Material to process
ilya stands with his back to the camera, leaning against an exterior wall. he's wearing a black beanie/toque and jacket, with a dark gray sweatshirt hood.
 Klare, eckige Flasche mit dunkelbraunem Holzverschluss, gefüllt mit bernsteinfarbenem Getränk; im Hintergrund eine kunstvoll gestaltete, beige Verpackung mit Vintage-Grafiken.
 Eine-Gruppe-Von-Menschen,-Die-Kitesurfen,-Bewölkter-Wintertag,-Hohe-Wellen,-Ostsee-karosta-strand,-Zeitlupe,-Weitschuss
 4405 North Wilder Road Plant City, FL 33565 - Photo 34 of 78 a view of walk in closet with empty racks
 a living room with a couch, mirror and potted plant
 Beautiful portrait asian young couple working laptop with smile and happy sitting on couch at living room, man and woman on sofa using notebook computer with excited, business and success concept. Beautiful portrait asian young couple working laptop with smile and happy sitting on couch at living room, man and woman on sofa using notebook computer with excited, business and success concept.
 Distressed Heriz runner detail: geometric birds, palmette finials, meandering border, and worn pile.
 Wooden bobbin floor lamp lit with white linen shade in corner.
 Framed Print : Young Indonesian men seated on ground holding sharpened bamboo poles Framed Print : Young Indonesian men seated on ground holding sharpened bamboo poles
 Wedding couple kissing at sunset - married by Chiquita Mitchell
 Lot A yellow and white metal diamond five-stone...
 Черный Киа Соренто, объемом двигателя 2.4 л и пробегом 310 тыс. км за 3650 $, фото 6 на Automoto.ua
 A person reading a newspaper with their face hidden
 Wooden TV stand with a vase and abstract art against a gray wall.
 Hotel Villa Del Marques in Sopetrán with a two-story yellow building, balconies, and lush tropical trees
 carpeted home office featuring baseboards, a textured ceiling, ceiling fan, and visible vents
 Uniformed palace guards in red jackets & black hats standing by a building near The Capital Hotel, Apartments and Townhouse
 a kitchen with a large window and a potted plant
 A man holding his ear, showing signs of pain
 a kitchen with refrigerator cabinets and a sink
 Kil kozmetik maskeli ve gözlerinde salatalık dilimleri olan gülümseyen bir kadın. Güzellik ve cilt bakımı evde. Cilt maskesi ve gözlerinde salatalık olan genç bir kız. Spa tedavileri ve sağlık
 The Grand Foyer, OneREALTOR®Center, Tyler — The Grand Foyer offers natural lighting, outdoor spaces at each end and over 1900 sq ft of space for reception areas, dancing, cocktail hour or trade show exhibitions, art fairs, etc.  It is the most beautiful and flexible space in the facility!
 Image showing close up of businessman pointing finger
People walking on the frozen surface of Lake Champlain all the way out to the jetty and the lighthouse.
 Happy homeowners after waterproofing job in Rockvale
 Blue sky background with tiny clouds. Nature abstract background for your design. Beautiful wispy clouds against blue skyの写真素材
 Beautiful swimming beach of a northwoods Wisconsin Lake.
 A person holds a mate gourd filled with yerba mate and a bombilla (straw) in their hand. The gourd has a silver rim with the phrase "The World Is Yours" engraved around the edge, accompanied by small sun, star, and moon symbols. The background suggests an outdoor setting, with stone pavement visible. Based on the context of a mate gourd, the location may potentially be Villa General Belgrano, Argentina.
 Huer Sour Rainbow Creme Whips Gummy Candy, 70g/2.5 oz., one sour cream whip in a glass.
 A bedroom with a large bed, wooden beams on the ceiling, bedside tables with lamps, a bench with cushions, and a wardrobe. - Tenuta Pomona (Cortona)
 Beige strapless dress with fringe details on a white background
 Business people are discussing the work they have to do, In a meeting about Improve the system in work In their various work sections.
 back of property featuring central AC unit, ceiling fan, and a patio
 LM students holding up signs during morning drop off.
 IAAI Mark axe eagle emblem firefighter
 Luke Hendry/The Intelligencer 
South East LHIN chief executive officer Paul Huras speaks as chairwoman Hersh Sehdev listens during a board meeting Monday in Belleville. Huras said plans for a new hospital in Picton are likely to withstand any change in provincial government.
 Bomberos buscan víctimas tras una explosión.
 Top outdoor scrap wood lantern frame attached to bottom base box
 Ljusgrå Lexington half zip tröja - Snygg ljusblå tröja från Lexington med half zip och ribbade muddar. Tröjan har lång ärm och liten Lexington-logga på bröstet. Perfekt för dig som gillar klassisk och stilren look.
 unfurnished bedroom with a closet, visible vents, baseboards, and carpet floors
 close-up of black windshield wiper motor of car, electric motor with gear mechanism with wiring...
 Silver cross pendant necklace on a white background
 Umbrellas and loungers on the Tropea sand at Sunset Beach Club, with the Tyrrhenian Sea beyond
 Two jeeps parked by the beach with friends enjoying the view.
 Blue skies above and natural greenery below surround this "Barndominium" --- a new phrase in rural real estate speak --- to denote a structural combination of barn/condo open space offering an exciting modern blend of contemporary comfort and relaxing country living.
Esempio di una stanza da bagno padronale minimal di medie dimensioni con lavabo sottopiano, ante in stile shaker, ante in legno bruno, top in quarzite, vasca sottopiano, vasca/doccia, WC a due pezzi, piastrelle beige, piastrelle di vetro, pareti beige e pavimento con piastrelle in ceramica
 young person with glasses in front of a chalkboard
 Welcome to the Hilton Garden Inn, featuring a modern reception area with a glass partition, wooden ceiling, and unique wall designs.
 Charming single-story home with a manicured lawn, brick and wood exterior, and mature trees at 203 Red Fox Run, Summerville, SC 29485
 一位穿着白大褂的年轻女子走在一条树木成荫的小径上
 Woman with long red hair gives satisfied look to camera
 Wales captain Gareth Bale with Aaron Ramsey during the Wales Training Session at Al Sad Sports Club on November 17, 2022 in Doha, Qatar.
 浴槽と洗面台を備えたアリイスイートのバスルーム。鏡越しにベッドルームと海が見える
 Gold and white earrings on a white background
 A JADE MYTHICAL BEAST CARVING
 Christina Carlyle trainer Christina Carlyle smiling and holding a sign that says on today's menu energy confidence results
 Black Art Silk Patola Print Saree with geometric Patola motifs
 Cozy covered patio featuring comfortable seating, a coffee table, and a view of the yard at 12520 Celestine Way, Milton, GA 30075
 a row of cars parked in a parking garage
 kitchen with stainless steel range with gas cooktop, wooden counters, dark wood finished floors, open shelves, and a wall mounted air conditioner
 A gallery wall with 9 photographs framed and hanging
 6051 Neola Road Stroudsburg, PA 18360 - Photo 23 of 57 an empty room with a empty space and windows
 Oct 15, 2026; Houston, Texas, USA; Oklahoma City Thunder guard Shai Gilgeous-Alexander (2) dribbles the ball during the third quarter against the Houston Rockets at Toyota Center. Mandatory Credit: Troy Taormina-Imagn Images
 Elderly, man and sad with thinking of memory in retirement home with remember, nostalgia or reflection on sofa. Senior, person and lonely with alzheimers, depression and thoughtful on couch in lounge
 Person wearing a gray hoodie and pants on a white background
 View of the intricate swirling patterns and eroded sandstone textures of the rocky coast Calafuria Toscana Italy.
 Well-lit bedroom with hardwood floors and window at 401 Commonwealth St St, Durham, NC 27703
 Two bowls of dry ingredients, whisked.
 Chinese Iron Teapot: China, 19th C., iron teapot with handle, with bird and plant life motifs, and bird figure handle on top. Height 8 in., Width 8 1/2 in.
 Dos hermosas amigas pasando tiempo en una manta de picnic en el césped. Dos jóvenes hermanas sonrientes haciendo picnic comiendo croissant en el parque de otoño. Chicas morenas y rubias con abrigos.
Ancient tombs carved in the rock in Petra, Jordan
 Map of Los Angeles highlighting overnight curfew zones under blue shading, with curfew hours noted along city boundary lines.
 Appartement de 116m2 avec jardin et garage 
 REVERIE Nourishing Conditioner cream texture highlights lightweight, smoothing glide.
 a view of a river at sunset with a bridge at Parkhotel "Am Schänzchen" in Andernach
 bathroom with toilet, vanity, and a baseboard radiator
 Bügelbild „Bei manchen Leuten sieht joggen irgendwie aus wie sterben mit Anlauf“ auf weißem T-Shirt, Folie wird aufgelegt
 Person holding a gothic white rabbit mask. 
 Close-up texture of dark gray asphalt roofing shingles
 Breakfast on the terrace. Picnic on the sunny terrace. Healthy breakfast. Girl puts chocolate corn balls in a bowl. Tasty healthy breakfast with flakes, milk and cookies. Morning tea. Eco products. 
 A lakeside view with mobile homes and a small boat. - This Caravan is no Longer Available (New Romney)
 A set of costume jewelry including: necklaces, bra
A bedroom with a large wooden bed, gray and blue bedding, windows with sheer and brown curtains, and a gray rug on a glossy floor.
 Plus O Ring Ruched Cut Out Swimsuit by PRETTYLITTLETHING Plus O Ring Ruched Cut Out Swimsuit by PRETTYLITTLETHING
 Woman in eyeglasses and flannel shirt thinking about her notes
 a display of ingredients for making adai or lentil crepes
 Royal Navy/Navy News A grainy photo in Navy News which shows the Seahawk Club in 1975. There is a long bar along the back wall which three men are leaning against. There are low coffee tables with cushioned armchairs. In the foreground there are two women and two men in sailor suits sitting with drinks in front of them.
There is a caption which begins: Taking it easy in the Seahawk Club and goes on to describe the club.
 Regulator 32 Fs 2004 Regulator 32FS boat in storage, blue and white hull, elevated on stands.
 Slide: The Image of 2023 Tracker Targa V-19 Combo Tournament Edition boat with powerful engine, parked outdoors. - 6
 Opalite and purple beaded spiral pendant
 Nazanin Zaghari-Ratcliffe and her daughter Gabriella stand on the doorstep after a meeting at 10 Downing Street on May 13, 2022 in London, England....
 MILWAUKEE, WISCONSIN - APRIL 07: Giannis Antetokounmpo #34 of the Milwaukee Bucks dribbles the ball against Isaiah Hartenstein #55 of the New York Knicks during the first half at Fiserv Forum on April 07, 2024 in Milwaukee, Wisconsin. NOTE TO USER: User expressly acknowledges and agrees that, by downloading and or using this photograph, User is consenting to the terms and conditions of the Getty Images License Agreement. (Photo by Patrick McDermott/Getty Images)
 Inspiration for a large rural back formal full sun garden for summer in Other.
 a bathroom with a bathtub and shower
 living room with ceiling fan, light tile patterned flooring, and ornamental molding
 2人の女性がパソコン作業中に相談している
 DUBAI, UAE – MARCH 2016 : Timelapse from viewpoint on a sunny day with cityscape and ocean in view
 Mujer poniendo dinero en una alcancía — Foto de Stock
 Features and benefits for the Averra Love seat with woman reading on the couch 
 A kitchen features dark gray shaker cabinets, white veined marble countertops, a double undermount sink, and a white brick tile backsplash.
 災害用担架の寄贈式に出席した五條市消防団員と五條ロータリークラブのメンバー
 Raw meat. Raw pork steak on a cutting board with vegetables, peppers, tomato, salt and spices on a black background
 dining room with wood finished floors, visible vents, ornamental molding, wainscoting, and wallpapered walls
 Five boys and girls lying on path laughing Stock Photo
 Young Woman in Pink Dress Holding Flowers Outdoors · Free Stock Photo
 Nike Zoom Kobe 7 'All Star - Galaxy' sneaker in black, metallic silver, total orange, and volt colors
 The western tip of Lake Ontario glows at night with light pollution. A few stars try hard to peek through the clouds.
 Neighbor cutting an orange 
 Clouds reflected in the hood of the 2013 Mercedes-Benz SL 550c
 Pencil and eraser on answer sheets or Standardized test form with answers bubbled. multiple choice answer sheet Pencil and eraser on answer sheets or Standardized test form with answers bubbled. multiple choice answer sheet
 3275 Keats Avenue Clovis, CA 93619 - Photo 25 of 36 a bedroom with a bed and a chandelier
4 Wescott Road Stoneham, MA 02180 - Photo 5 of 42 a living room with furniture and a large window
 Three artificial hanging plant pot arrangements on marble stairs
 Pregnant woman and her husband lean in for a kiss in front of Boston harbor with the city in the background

Exercise brief
Please report every line of the records above that contains the word "during".

Worked solution
 LM students holding up signs during morning drop off.
South East LHIN chief executive officer Paul Huras speaks as chairwoman Hersh Sehdev listens during a board meeting Monday in Belleville. Huras said plans for a new hospital in Picton are likely to withstand any change in provincial government.
 Wales captain Gareth Bale with Aaron Ramsey during the Wales Training Session at Al Sad Sports Club on November 17, 2022 in Doha, Qatar.
 Oct 15, 2026; Houston, Texas, USA; Oklahoma City Thunder guard Shai Gilgeous-Alexander (2) dribbles the ball during the third quarter against the Houston Rockets at Toyota Center. Mandatory Credit: Troy Taormina-Imagn Images
 MILWAUKEE, WISCONSIN - APRIL 07: Giannis Antetokounmpo #34 of the Milwaukee Bucks dribbles the ball against Isaiah Hartenstein #55 of the New York Knicks during the first half at Fiserv Forum on April 07, 2024 in Milwaukee, Wisconsin. NOTE TO USER: User expressly acknowledges and agrees that, by downloading and or using this photograph, User is consenting to the terms and conditions of the Getty Images License Agreement. (Photo by Patrick McDermott/Getty Images)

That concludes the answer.